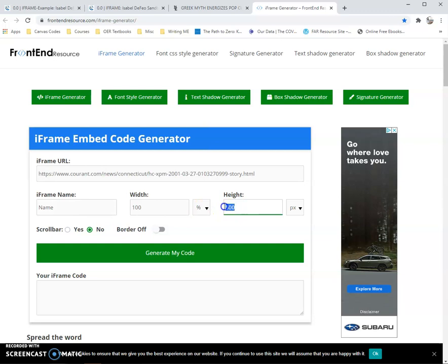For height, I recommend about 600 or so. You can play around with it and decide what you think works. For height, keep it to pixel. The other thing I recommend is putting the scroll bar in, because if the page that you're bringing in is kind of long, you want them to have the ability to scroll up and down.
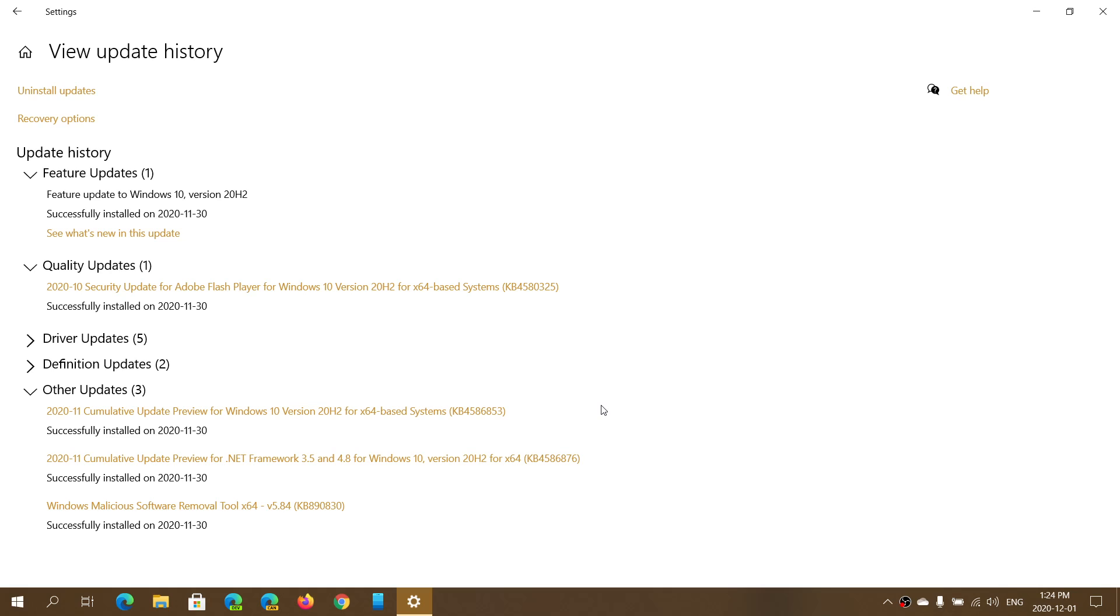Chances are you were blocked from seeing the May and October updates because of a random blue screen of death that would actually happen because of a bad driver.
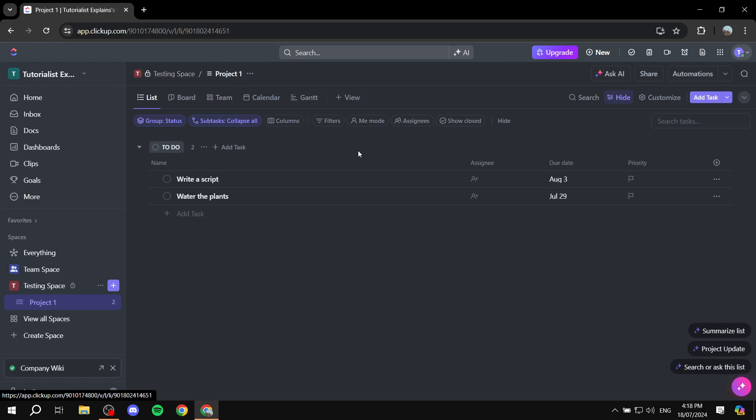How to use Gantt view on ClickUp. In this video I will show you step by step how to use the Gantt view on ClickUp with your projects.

--

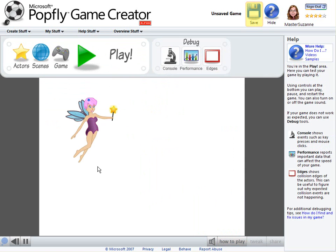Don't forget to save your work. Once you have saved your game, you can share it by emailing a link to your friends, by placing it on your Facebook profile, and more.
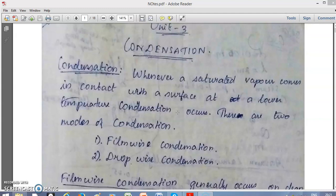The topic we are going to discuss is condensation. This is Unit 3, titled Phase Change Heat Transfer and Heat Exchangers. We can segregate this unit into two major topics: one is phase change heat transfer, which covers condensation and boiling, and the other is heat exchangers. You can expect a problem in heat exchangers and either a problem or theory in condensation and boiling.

--

• **BRIEF**
Only the lines starting at the one with "Don't forget to" and ending at the one with "The topic we" should be printed, each exactly as it appears in the material above; the pictures are to be omitted.

• **SOLUTION FOR THIS EXERCISE**
Don't forget to save your work. Once you have saved your game, you can share it by emailing a link to your friends, by placing it on your Facebook profile, and more.
The topic we are going to discuss is condensation. This is Unit 3, titled Phase Change Heat Transfer and Heat Exchangers. We can segregate this unit into two major topics: one is phase change heat transfer, which covers condensation and boiling, and the other is heat exchangers. You can expect a problem in heat exchangers and either a problem or theory in condensation and boiling.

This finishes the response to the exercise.